NV10 GeForce 2 / 4 MX, 5 Passes, Used Register Combiners.
NV20 GeForce 3 / 4 Ti, 2–3 Passes, Vertex programs + Combiners.
R200 Radeon 8500–9200, 1 Pass, Used ATI_fragment_shader.
NV30 GeForce FX Series, 1 Pass, Precision optimizations (FP16).
ARB2 Radeon 9500+ / GF 6+, 1 Pass, Standard high-end GLSL-like assembly.
But there's plenty in avx512 the really helps real algorithms outside the 512-wide registers - I think it would be perceived very differently if it was initially the new instructions on the same 256-wide registers - ie avx10 - in the first place, then extended to 512 as the transistor/power budgets allowed. AVX512 was just tying too many things together too early than "incremental extensions".

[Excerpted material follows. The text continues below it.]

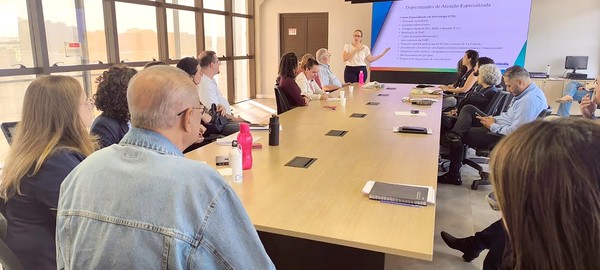 Zezé Gomes recebe visita técnica do Ministério da Saúde, em Hortolândia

AVX512 leading to thermal throttling is a common myth that from what I can tell traces its origins to a blog post about clock throttling on a particular set of low-TDP SKUs from the first generation of Xeon CPUs that supported it (Skylake-X), released over a decade ago: https://blog.cloudflare.com/on-the-dangers-of-intels-frequen...

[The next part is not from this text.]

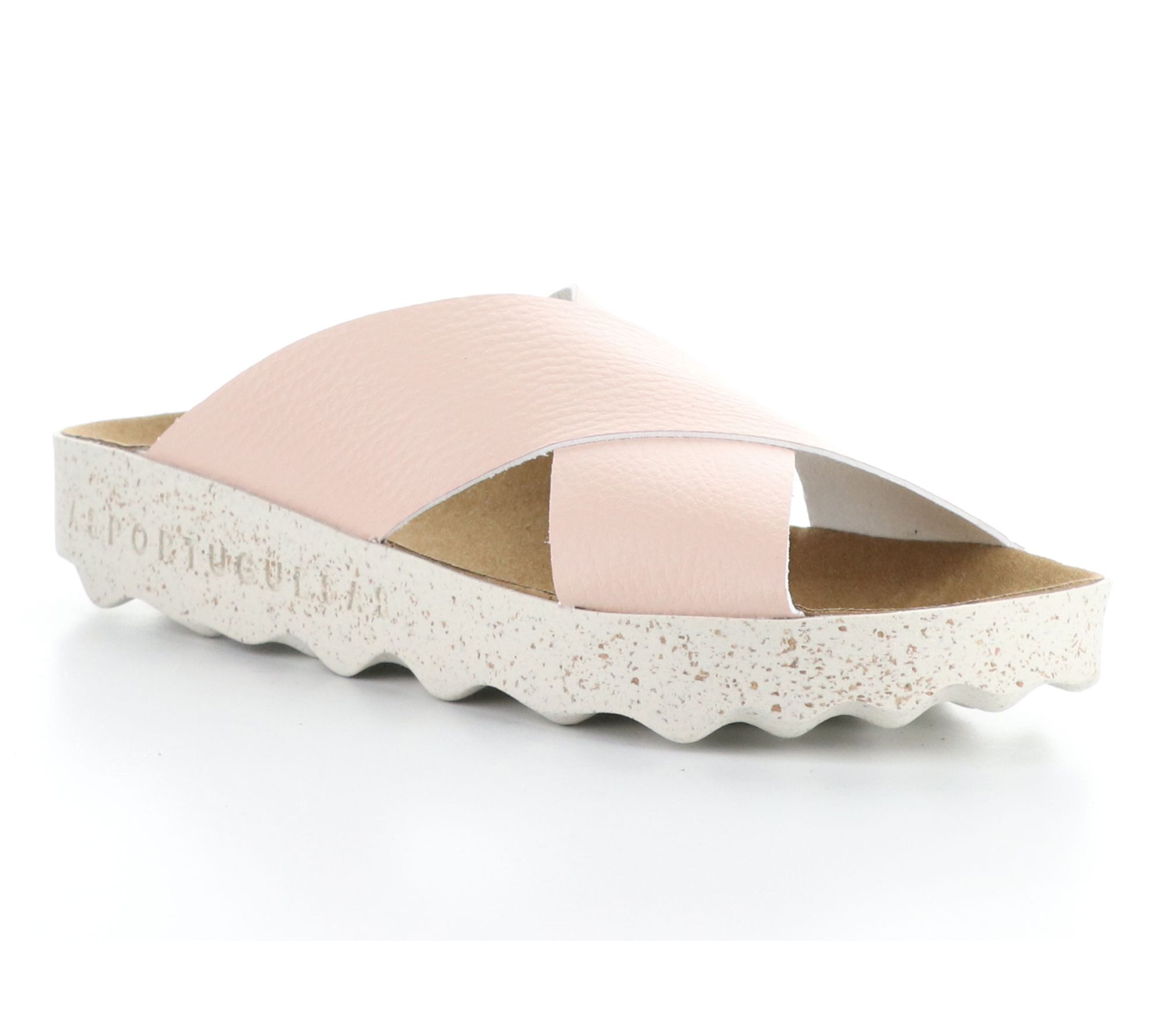 Asportuguesas Faux Leather Slip-On  Sandal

The results were debated shortly after that by well-known SIMD authors that were unable to duplicate the results: https://lemire.me/blog/2018/08/25/avx-512-throttling-heavy-i...
In practice, this has not been an issue for a long time, if ever; clock frequency scaling for AVX modes has been continually improved in subsequent Intel CPU generations (and even more so in AMD Zen 4/5 once AVX512 support was added).
All AMD Zen 4 and Zen 5 and all of the Intel CPUs since Ice Lake that support AVX-512, benefit greatly from using it in any application.
Moreover the AMD Zen CPUs have demonstrated clearly that for vector operations the instruction-set architecture really matters a lot. Unlike the Intel CPUs, the AMD CPUs use exactly the same execution units regardless whether they execute AVX2 or AVX-512 instructions. Despite this, their speed increases a lot when executing programs compiled for AVX-512 (in part for eliminating bottlenecks in instruction fetching and decoding, and in part because the AVX-512 instruction set is better designed, not only wider).
Edit. Furthermore, i think that none of these (pre-2020) low budget CPUs support AVX2, until Tiger lake released in 2020.
Edit: That's wrong. Jasper Lake from 2021 also came without AVX support.